Don’t let that screaming screen skew your writing

Don't let that screaming screen bug your writing

Writing and editing on a screen needs some careful thought

Even if you grew up with writing on a computer screen rather than on old-fashioned paper, there are still some issues you need to bear in mind about writing on screen that can skew your writing bigtime … if you let it.

Here are some tips based on my own experience of working on screens for the last 20 years or so, after a paper-based upbringing.

Slow your brain down when you’re typing

Especially if you’re gagging to get the words down because you’re on a creatively inspired roll, slow down. If you try to type as fast as you’re thinking you’re going to miss quite a few important words and phrases. Cool does it. You can always go back afterwards and put the spice back in, that your haste obliged you to leave out initially.

Watch what results when you cut and insert

This is a problem I have endlessly and judging what I see when reading other people’s blogs, articles, posts and other content, it’s something that’s quite widespread.

With screen-based writing it’s all too easy to cut and change your text, inserting bits here, removing bits there.

When you’ve finished doing that, for Heaven’s sake go back and give your text a harsh reality check to make sure there are no stray words hanging around from a previous incarnation that you have forgotten to delete, or other straggling words and phrases that reduce your beautiful prose to a nonsensical babble.

Do your verbs tally with your nouns?

This is another problem related to the cut/insert issues mentioned above.

If you change a sentence from the first person to the second person to the third person or whatever, don’t forget to change the corresponding nouns/verbs so everything matches up.

I know that sounds pretty obvious, but you’d be surprised how often we (me too) get that wrong…

Don’t discard drafts

…until you’re absolutely sure you won’t need them.

There is nothing more infuriating than working on the third or fourth draft of a blog or article and thinking, “ah, I mentioned this in the first draft but deleted it because at the time I didn’t think it was relevant,” only to change your mind and wish that you hadn’t dumped the earlier version.

Only dump earlier drafts when the final draft has been published.

Don’t forget about keywords

Much as you might get carried away with the ease and smoothness of writing on a screen, don’t forget that – assuming you want to earn a living in this virtual world – you need to be mindful of the keywords you should be including as reasonable and rational parts of your text.

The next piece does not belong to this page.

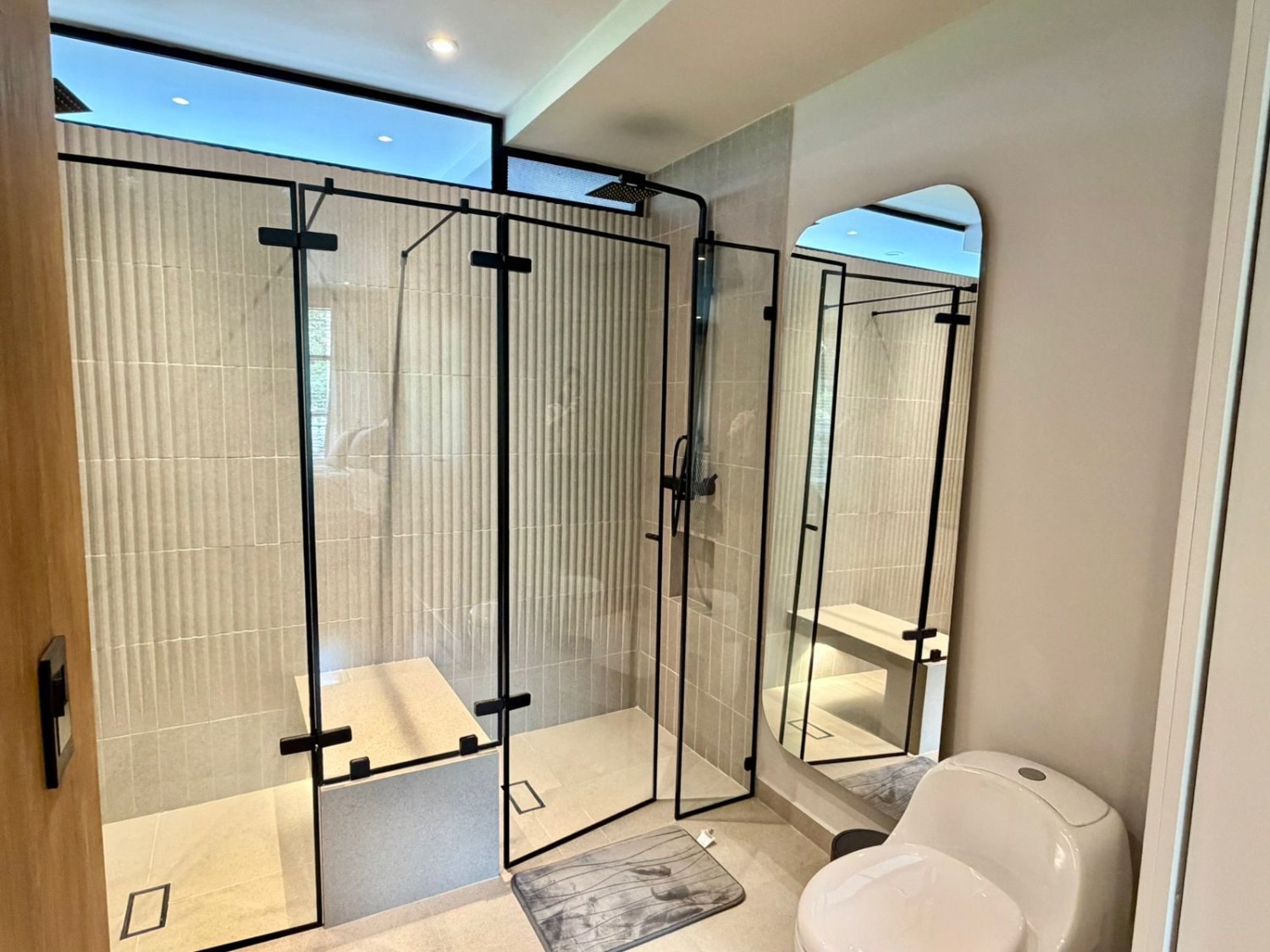 Loft de Lujo en Venta en el Poblado cerca a Provenza - Image 10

I tend to forget about keywords and just ramble on, and it’s wrong if you’re blogging for business. You don’t need to go hog-wild and stuff a keyword into every sentence: not only will this bore your readers rigid, but also it will p*ss Google off.

Just use your common sense.

Don’t trust your silly old eyes for editing

Much as you – and I – might think we are sufficiently eagle-eyed to pick out every single goof in our text on screen – uh-uh.

Actually, talking to young university students a lot, as I do, I find this isn’t just an issue of concern to the old farts’ brigade. Even youngsters working on essays, term papers, dissertations et al  find that much as they may be satisfied with their edits on screen, once they print the work out and read it (preferably the next day) they find more goofs and places where further editing is required.

Try it. I bet you that once you print out your next article or blog post you’ll want to give it further tweaks, even though it looked OK on screen when you thought you had finished it.

And if you can’t print it out?

Make a copy of it and change the font. Different typeface, maybe a larger size.

Sounds silly, but because it looks different to you, you’ll perceive it as fresh and new and therefore will see elements within it in a new light.

Anything else?

If you’re really concerned about spelling, grammar, punctuation etc., take a tip from a couple of old friends of mine who have been online copywriters for many years.

Whether on screen or printed out, proofread your work backwards. I don’t mean reading each word backwards (duhhhh…) but looking at the spelling of each word from the end to the beginning.

I know it sounds crazy, but you won’t miss any spelling mistakes that way.

Good luck with your on-screen writing

Do you have any further tips to share? Please do so!